I’ll stop there. Experience with Polymath projects so far seems to suggest that, as with individual projects, it is hard to predict how long they will continue before there is a general feeling of being stuck. So I’m thinking of this as a slightly tentative suggestion, and if it provokes a sufficiently healthy conversation and interesting new (or at least new to me) ideas, then I’ll write another post and launch a project more formally. In particular, only at that point will I call it Polymath11 (or should that be Polymath12? — I don’t know whether the almost instantly successful polynomial-identities project got round to assigning itself a number). Also, for various reasons I don’t want to get properly going on a Polymath project for at least a week, though I realize I may not be in complete control of what happens in response to this post.

Just before I finish, let me remark that Polymath10, attempting to prove Erdős’s sunflower conjecture, is still continuing on Gil Kalai’s blog.
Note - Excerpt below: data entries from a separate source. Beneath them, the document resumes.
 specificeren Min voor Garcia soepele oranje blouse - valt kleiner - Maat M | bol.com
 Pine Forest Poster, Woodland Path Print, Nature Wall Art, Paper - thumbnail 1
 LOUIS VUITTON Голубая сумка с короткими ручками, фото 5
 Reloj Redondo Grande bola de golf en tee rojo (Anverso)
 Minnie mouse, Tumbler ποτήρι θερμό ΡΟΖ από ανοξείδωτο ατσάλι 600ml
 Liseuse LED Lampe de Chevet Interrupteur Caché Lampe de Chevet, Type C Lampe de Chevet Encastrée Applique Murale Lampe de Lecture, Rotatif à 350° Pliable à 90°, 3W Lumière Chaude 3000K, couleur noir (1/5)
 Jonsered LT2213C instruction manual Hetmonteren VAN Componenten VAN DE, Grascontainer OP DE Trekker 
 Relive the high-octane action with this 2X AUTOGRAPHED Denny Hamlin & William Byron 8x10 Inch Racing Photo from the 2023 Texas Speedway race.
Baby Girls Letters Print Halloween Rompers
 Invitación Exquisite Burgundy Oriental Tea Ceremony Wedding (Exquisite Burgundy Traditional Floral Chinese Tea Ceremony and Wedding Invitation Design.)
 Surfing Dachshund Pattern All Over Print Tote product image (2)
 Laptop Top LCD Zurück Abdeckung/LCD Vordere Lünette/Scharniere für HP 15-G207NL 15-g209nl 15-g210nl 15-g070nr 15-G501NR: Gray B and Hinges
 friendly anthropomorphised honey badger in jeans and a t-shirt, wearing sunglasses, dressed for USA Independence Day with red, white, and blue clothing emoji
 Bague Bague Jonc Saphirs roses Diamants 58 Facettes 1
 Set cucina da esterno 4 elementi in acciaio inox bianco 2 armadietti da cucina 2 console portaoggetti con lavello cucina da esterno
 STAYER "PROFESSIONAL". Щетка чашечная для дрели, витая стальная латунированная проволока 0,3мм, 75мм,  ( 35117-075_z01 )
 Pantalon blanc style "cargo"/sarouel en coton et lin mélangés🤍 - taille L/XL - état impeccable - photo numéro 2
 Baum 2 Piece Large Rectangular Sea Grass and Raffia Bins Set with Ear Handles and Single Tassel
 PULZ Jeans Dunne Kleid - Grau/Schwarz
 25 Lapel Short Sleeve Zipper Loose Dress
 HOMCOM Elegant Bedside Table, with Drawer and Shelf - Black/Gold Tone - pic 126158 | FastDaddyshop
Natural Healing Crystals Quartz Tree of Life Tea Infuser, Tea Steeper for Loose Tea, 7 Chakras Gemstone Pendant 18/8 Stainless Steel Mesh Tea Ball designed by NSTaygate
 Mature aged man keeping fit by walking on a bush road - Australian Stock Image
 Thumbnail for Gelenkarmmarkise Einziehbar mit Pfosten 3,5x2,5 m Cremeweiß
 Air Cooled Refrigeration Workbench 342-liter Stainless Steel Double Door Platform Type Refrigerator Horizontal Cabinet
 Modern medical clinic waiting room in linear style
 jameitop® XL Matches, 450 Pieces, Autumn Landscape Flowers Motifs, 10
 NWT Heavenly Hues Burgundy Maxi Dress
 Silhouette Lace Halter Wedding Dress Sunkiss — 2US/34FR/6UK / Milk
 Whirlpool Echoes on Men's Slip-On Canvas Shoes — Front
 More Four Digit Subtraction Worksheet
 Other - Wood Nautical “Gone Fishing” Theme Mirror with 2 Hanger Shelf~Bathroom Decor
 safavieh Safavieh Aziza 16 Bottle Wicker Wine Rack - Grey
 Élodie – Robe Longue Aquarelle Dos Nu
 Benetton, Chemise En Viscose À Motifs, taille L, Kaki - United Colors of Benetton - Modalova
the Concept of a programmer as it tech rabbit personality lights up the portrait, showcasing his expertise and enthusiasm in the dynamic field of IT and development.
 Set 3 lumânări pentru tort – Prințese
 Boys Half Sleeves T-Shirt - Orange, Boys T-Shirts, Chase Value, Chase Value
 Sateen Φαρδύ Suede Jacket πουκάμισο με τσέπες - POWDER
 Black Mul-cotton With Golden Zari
What’s more, I think it is still at a stage where a newcomer could catch up with what is going on — it might take a couple of hours to find and digest a few of the more important comments. But Gil and I agree that there may well be room to have more than one Polymath project going at the same time, since a common pattern is for the group of participants to shrink down to a smallish number of “enthusiasts”, and there are enough mathematicians to form many such groups.

And a quick reminder, as maybe some people reading this will be new to the concept of Polymath projects. The aim is to try to make the problem-solving process easier in various ways. One is to have an open discussion, in the form of blog posts and comments, so that anybody can participate, and with luck a process of self-selection will take place that results in a team of enthusiastic people with a good mixture of skills and knowledge. Another is to encourage people to express ideas that may well be half-baked or even wrong, or even completely obviously wrong. (It’s surprising how often a completely obviously wrong idea can stimulate a different idea that turns out to be very useful. Naturally, expressing such an idea can be embarrassing, but it shouldn’t be, as it is an important part of what we do when we think about problems privately.) Another is to provide a mechanism where people can get very quick feedback on their ideas — this too can be extremely stimulating and speed up the process of thought considerably. If you like the problem but don’t feel like pursuing either of the approaches I’ve outlined above, that’s of course fine — your ideas are still welcome and may well be more fruitful than those ones, which are there just to get the discussion started.